第14章 狂った執事
「ここでもいいですか?」
「…はい。」
眼鏡をかけ直して返事をしてくれた。
「私は、あなたが欲しいのです。」
「!?…」
雷が落ちたような衝撃を受けた……落ちたことないけど…。
「…え…と…。」
反応に困っていると、クロードは私の前に跪いた。
「!…」
そして私の手をとり、手の甲にキスをした。
「!?…」
「私の、主となっていただきたい。」
「え…。」
「あなたの魂は、旦那様の魂より魅力的だ。」
そう言うと、彼は私の人差し指に歯を立てた。
「!…」
悪魔の目をしていた。真っ赤な目。その目を見た直後だった。視界が真っ暗になった。
「横取りはいけません。」
セバスチャンが私の背後から片手で両目を隠した。
「!…」
「彼女は私のものです。」
「シエル・ファントムハイヴの魂もあるくせに、彼女の魂まで手を出すとは…。
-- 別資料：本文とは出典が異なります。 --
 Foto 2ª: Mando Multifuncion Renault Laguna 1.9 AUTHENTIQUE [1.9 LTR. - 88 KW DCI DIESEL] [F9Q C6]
」
彼らが今、どんな表情をしているのかわからない。
「あ、あの…。」
私はセバスチャンの手をどけ、離れた。
「魂、魂って…私の魂が誰に食べられるかなんて私が決める!ていうか、勝手に話進めないで!」
少し大きい声で言った。どうせ、私が死んだらどちらかが私の魂を食べるだろう。
待てができない悪魔達なのだから。